Hermes Fastening his Sandal     MR 238
 
Sully room 17
 
  
A Greek god, identified as Mercury
by the Romans, Hermes was considered
the messenger of the gods.
 
In Classical art, he is represented as
a young and beardless athletic man.
 
One of his most famous offspring is Pan.
This copy in the Louvre has undergone considerable restoration. The head is old
but it is uncertain whether or not it belongs
to the original statue. Completed from the 16th Century, the figure has been identified
as a famous Roman who received the news
in his field of his appointment to the Consulate. Allusion to this episode explains the addition of a ploughshare.

 Hermes is quoted in the book of the Acts of the Apostles.

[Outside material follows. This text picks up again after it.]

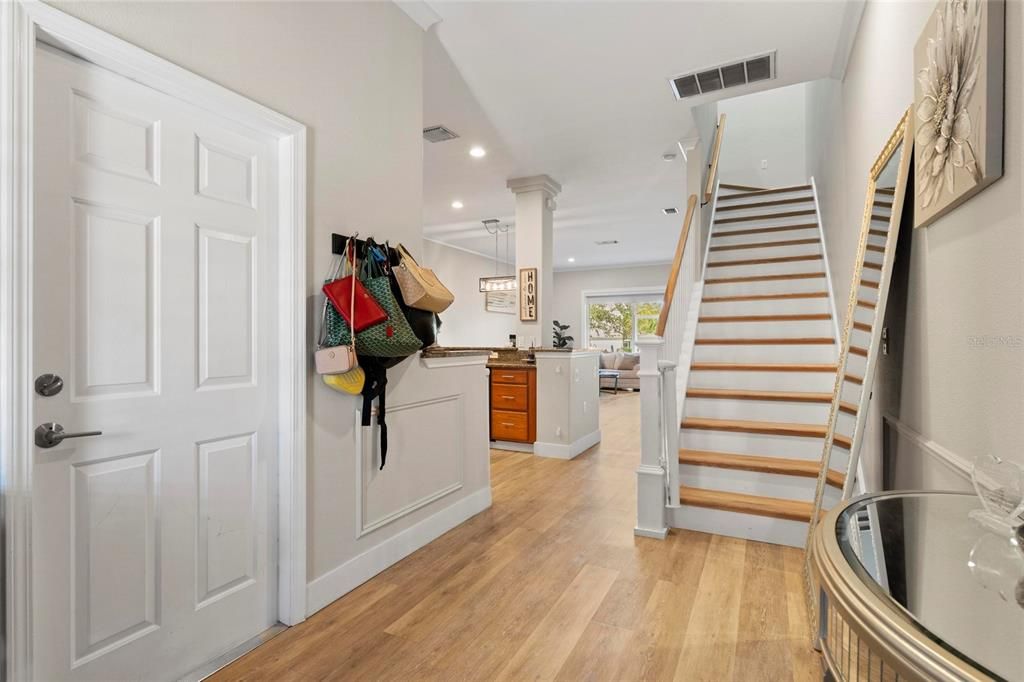 En Venta: $414,727 (3 camas, 2 baños, 1801 Pies cuadrados)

 “And they began calling Barnabas, Zeus, and Paul, Hermes, because he was the chief speaker.”
 
Acts 14:12  (NASB)
   
In the first century CE, the inhabitants of Lystra believed that Paul and Barnabas were gods. This conclusion is in keeping with the idea they had of Hermes as an eloquent harbinger. An inscription confirms that its inhabitants worshipped him.  AR24
 

Mercury Attaching his Wings

 
RF 3023
 
Jean-Baptiste Pigalle
 
Richelieu Puget Court

Pigalle was received into the Academy
in 1741 with a sculpture of Mercury, executed for his admission.
 
The lead statue which dates
from 1753 is a reminder of the monumental work that is today
housed in the Berlin Museum.
 
It came from Crécy and then Anet castles.